After the money from Cherry-Evans' contract was freed up, due to him no longer joining the club for the 2016 season and beyond, the Titans signed a handful of players during the off-season. Signings included halves Tyrone Roberts and Ashley Taylor from the Newcastle Knights and Brisbane Broncos respectively, former Titans hooker Nathan Friend from the New Zealand Warriors, props David Shillington and Zeb Taia from the Canberra Raiders and Catalans Dragons, and premiership winning second-rower Chris McQueen from the South Sydney Rabbitohs.

The first half of the Titans' season was shaky, having won six games, and also losing six games, sitting in the Top 8 by the end of Round 13. During this time, the Titans added New Zealand Warriors centre Konrad Hurrell to their roster, as well as former Parramatta hooker Nathan Peats, who was forced out of his former club due to the club's ongoing salary cap scandal. On 3 August, the club ultimately made up for the reneging of Daly Cherry Evans by signing 2 time Dally M medal winner and cross code superstar Jarryd Hayne, who was available to play for the club immediately and was signed until 2017. By Round 26's end, the Titans won 11 games, drew 1 and lost 12, earning 27 premiership points in total. This allowed the Titans to return to the NRL Finals for the first time since 2010, after the 9th placed Wests Tigers lost 52-10 to the Canberra Raiders.
The Titans played the Brisbane Broncos in a controversial elimination final on 10 September and were knocked out 44–28, ending their 2016 season.

2017 was a year to forget for Gold Coast as they finished 15th on the table at the end of the season. Star recruit Kevin Proctor was stripped of his co-captaincy responsibilities in May after allegations relating to drug use while in camp with the Kiwis and Hayne's ankle injury and shifting between fullback and centre became a distraction more than a solution.  There was also the ongoing feud between coach Neil Henry and Hayne which resulted in Henry's tenure coming to an end after their Round 24 loss to Parramatta.
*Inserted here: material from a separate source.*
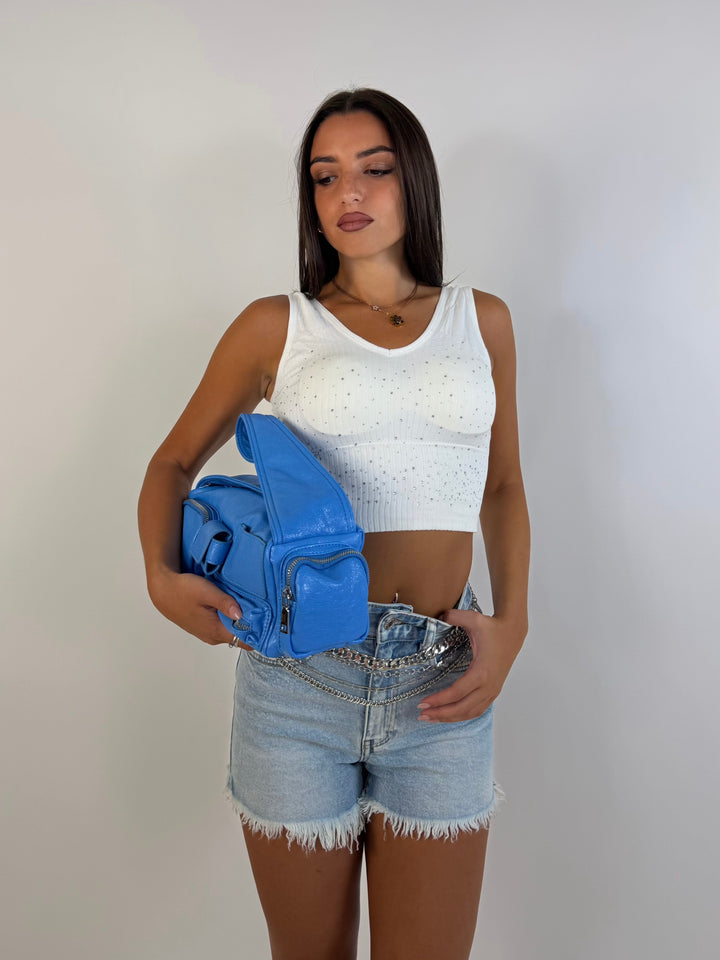 Crop top modellante con coppe “Diamond”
To make matters worse, the Titans suffered their heaviest loss to date, losing to the Broncos 54–0 at Cbus Super Stadium.

On 18 October 2017, Gold Coast appointed Garth Brennan as their new coach.  At the end of 2017, Jarryd Hayne left the club to rejoin Parramatta for the 2018 season ending one of the most turbulent times in the club's history.

Before the 2018 NRL season began most experts predicted Gold Coast to be contending for the wooden spoon come season's end but the club shocked many critics after winning 3 of their first 5 matches.  Gold Coast then went on an inconsistent run of form and ended finishing 14th on the table at the end of the regular season.

Gold Coast started the 2019 NRL season badly with the club losing the first four matches before finally recording a victory in Round 5 against Penrith. On 14 July 2019, Gold Coast head coach Garth Brennan was terminated by the club following a 24–2 loss against Penrith which left them rooted to the bottom of the table.
In the aftermath of Brennan's termination, Gold Coast CEO Dennis Watt refuted claims that the struggling club would be relocated to Brisbane saying "For the benefit of Titans Members, fans and sponsors, here are the facts: We are the Gold Coast Titans, and that is how we will stay".  Watt later said that the appointment of the next coach would be the club's last stand saying "We're in no doubt that this is it, This is the last stand, we have to get it right, There are plenty of other people banging on the door who would probably like to launch teams elsewhere".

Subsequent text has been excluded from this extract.